Il neo-realismo è legato al secondo dopoguerra: per la prima volta si usciva dai teatri di posa, si girava in presa diretta, si raccontava la Storia nel momento stesso in cui accadeva. Oggi cerco di lavorare sul racconto della realtà, cercando di andare oltre la divisione, spesso troppo limitante, tra documentario e cinema di finzione.

 

Qual è la tua idea di documentario oggi? Come interpreti la necessità del cinema di farsi testimonianza del suo tempo? Mi pare di capire che tu sia a favore di un cinema che integri etica ed estetica.

 

Il cinema diventa un incontro e un’esperienza umana: si incontra la realtà, la si attraversa e si prova a darle la forma di un racconto, che comunque già è contenuto in essa. Lo stile, o la personalità di chi filma e di chi racconta, deve rendersi il più possibile non visibile.

 

Uno degli aspetti formali che più sorprende di ALì è la labilità del confine che separa la fiction dal documentario: nonostante la finzione sia presente, infatti, la realtà dei personaggi dialoga fitta con quella dello spettatore; la macchina da presa rimane discreta, e talvolta è quasi invisibile, nonostante segua il ritmo ipervitale dei protagonisti. Come hai lavorato dal punto di vista registico per ottenere questo effetto di realtà?

Il realismo è sempre il risultato di un metodo, di una precisa costruzione estetica. Si fa in modo di dare alla scena la massima impressione di realtà, ma questo non vuol dire che non ci sia una costruzione, anzi. Il lavoro con i personaggi è lungo ed inizia prima ancora di scrivere la sceneggiatura.

 

Sappiamo che un’altra delle tue grandi passioni è la musica e che sei musicista e compositore (le musiche di ALì, sono, come quelle di "Fratelli d'Italia", per l’appunto tue). Come nasce questa passione per la musica e come si è sviluppata negli anni? È sempre stata parallela all’amore per il cinema?    
 

Sempre stata parallela, solo che ora mi piacciono sempre di più film in cui la musica è assente oppure utilizzata con molta parsimonia, quindi vado un po’ contro me stesso.

 

Domanda di rito: progetti per il futuro?

 

Ho appena finito un documentario, il cui titolo è "Wolf". È la storia di un rabbino accusato di collaborazionismo dopo la seconda guerra mondiale per aver contribuito ad organizzare le deportazioni nei campi di sterminio.
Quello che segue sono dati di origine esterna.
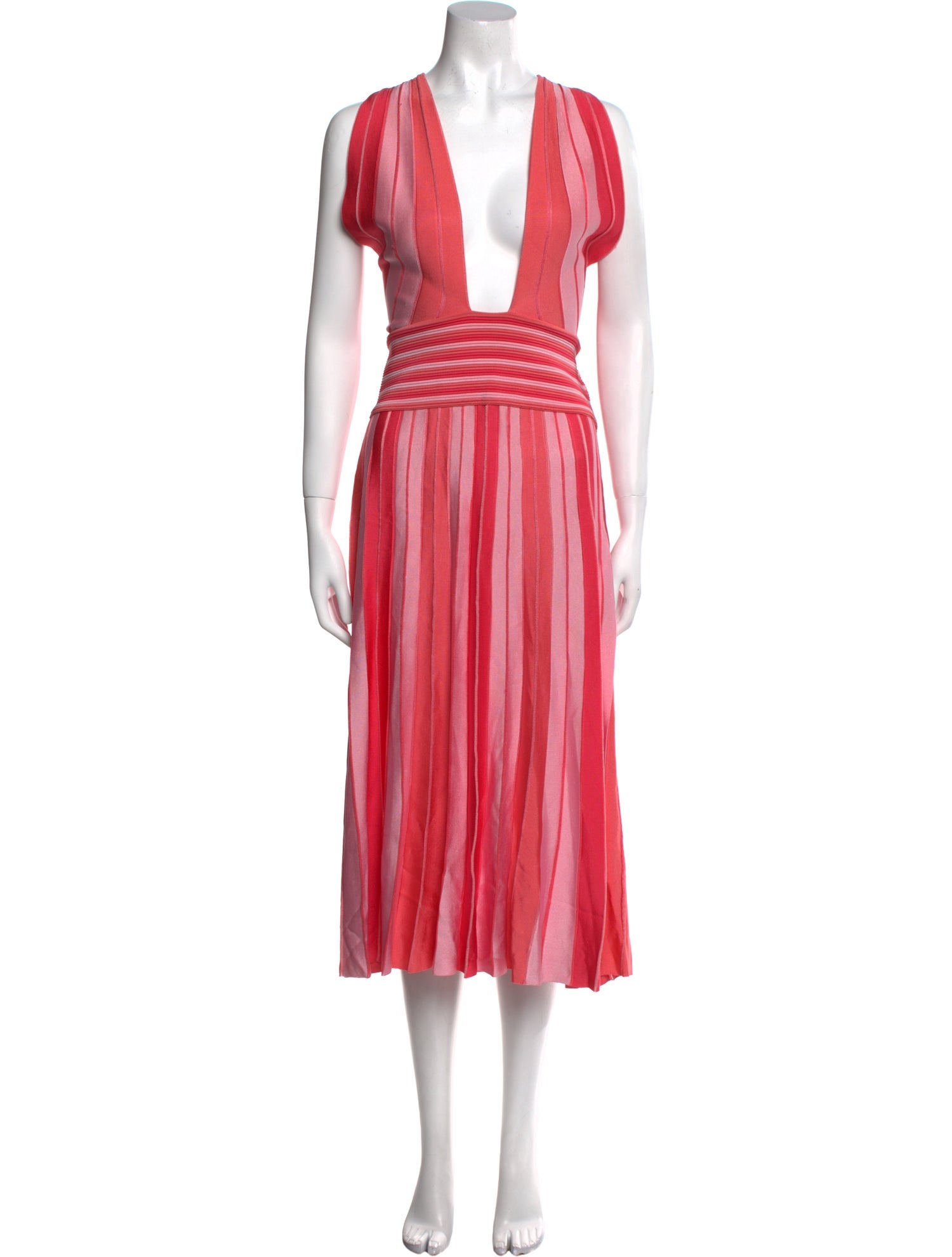 Carolina Herrera V-Neck Midi Length Dress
Suo figlio oggi è vivo, ha più di 70 anni, ed è ossessionato dalla memoria del padre. Racconto soprattutto il rapporto del figlio con uno psicoanalista. Poi sto iniziando a scrivere, quindi a raccogliere incontri e documentazioni, il mio prossimo lungometraggio, che sarà in parte ambientato nella sezione femminile del carcere minorile di Roma.

 

Grazie mille Claudio.

 

Roma, 17 novembre 2013

alì ha gli occhi azzurri (Italia 2012,100')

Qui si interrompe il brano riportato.